Enfin, un dernier souvenir de film que je ne saurais pas dater non plus, est lié à Kathy, une amie de mes parents que nous aimions beaucoup et qui était la marraine de ma sœur. Je me souviens qu’elle nous faisait rire et que son appartement villeurbannais était un véritable livre d’aventures. Elle y faisait trôner de nombreux objets ramenés de ses voyages, et surtout de la petite île des Philippines qu’elle finit par adopter définitivement dans les années qui suivirent et où elle mourut, après avoir, notamment, subi une tentative d’assassinat au « coup’coup » (une machette servant à fendre les noix de coco). Elle en garda le crâne abîmé et perdit un oeil. La séance de cinéma à laquelle Kathy me mena remonte à bien avant ces sombres événements, mais je ne peux m’empêcher de penser que Kathy a été comme un roman vivant. Peut-être est-ce elle aussi qui donna tant envie de voyager à ma petite sœur. Sa vie sur son île demeurait un mystère miraculeux et fantasmagorique pour nous qui ne quittions jamais la France. Imaginez, elle avait même de petits singes apprivoisés qui vivaient avec elle au milieu d’une forêt de cocotiers et dont elle nous envoyait des photos! Quand nous étions petites, Kathy nous gardait de temps en temps à Villeurbanne. Sa baignoire-sabot nous intriguait au moins autant que les masques mexicains et que les grands puzzles collés et accrochés aux murs. C’est donc lors de l’un de ces séjours, que Kathy m’emmena (seule, je crois, parce que j’étais la grande et ce privilège augmentait encore le plaisir de cette sortie) voir la Belle et la Bête. Encore une fois, je ne garde aucun souvenir du film mais Kathy m’avait offert, en plus, un grand livre avec l’histoire et les images de Disney. N’étant pas habituée à posséder des produits Disney, les dessins me paraissaient particulièrement beaux, tout comme le livre, parce qu’il était plus grand que tous mes autres livres et que les pages étaient en papier glacé. Pour ces raisons, Il fit longtemps partie de mes livres les plus précieux, et parce que c’était un cadeau de Kathy que j’aimais, et un cadeau qui m’avait été fait particulièrement à moi, ainée. Je suis certaine que ma sœur n’avait pas été en reste mais Kathy avait eu cette bonté de me faire sentir que ce présent était spécialement choisi pour moi.
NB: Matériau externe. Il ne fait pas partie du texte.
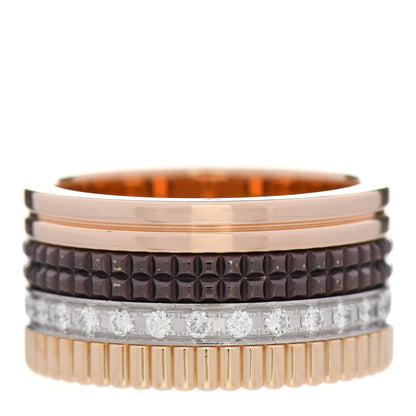 Boucheron 18K Pink Yellow White Gold Diamond PVD Large Quatre Classique Ring 58 8.25 1 of 7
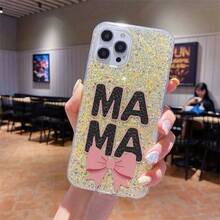 The MAMA Pattern Glitter Phone Case Is Suitable For IPhone 16 15 14 13 12 11 Pro Max - Gold - View 1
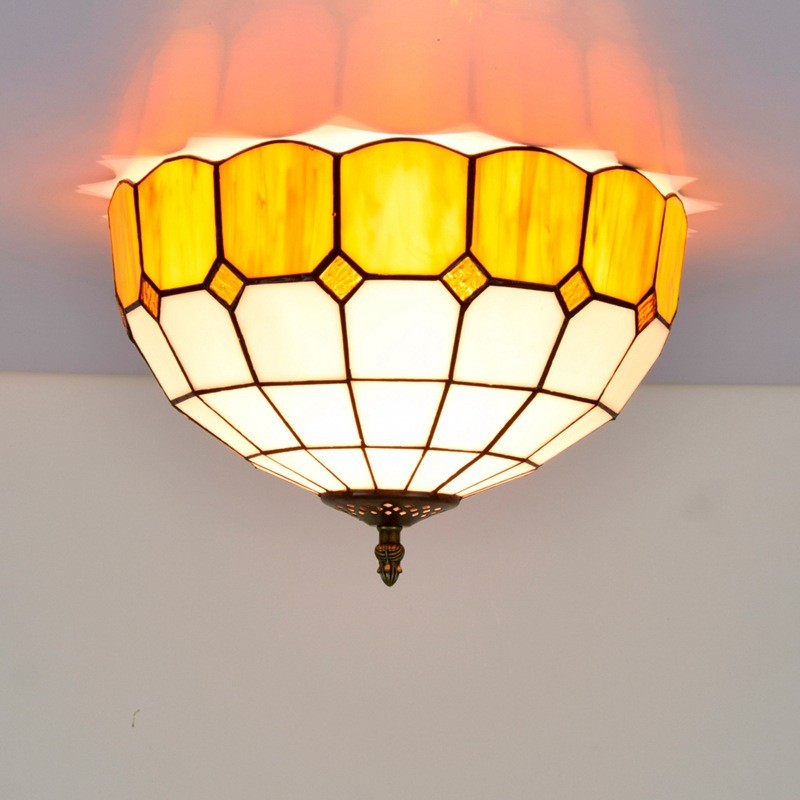 30cm欧琈蒂凡尼地中海简约过道餐厅卧室彩色玻璃走廊琉璃吸顶灯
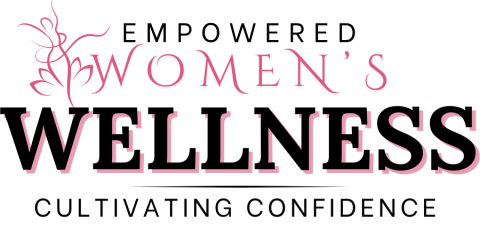 Pink gray and black text that says "Empowered Women's Wellness: Cultivating Confidence" 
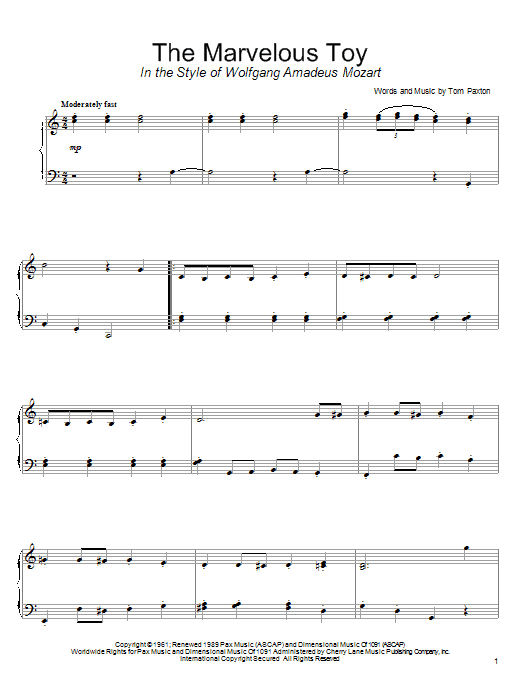 Tom Paxton The Marvelous Toy (in the style of Mozart) (arr. David Pearl) sheet music notes and chords arranged for Piano Solo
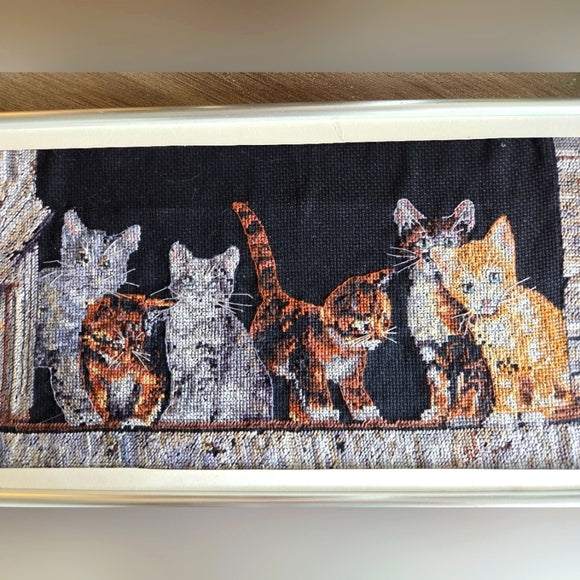 Gerahmtes Kreuzstichbild Sechs Bauernhofkätzchen Vintage #35133 40,6 cm x 21,6 cm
Je suis émue de constater que le fait d’évoquer des films vus dans l’enfance ne déclenche pas de souvenir précis de ces films mais plutôt une impression diffuse, une brume liée à quelques images de ma vie de petite fille. Et je crois que cette brume, je peux l’appeler bêtement, simplement, naïvement, mais sincèrement aussi: bonheur. Ce genre de souvenirs est une douce compagnie dont le travail du temps ne nous prive pas, mais au contraire, nous fait jouir davantage, en recomposant le passé selon une mystérieuse loi, celle des émotions.